On Send a Prayer My Way, Julien Baker and Mackenzie Scott, who performs as Torres, are falling off the wagon and staring at its wheels; they’re reckoning with regret; they’re wrestling hateful mothers. Longtime listeners of the two artists know that they often lay their struggles at the forefront of their music, from prying at religion to coming to terms with queerness to looking up from a bottle’s bottom.
But here, they come at these themes from a new angle. About five years ago, Scott floated the concept of a country record to Baker, a la Willie Nelson and Waylon Jennings—and was surprised when she said yes. “I was worried that Julien would say no, and I cannot stand rejection,” Scott told Garden & Gun. “So I framed it as, ‘Wouldn’t that be hilarious if we made a country record?’ And Julien was like, ‘Oh, hell yeah, I’m gonna send you some demos.’”
Country music played a formative role in both singers’ lives: Scott grew up in Georgia, surrounded by church music and ’90s country; Baker grew up in Tennessee on a steady diet of Merle Haggard and George Jones. (You can check out the duo’s “Cuntry” playlists to see some lasting favorites.) But for the length of their respective careers, they’ve stuck to the rock/indie nexus.
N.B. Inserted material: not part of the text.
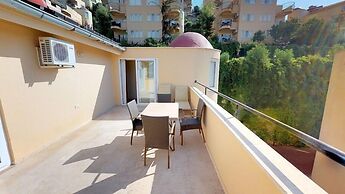 Gold City 2 Bedroom Villa 2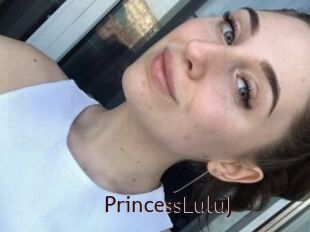PrincessLuluJ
Send a Prayer My Way, the result of their country collaboration, is an examination of religion, drugs, and love set in working-class Southern neighborhoods—both a tribute to their upbringings and an effort to reimagine the genre. At times, the blend of their individual rock styles with country creates something fresh, but some efforts feel more pastiche than inventive.
The album’s obsessed with love, in every iteration—and how much you can make peace with it. Scott opens “Tuesday,” a slow-moving and tender paean to the titular woman, with adoration. But as the song reveals itself to be about queer desire, it also reveals the challenges its narrator faces: the hateful response from her crush’s mother and the mournful self-excoriation that results, all grounded by Baker’s accompaniment on a resonant dobro. “Sugar in the Tank,” meanwhile, is nothing if not self-assured. As Baker repeats “I love you” at the start of each line, underscored by banjo and a Hammond organ, the song ramps up in passion, insistent and rollicking. When it breaks into the chorus, the pair’s voices come together, their twangy vocals layering in an earnest and honest country-pop element with tongue-in-cheek sultriness (“Put a little sugar in the tank,” a nod to queerness too) that cools down cleanly on “I’ll love you all the way.” They thread classic imagery beside the love declarations: They’re “tied up on the train tracks,” “strung out on the drying rack,” and “sitting outside with the engine runnin’.”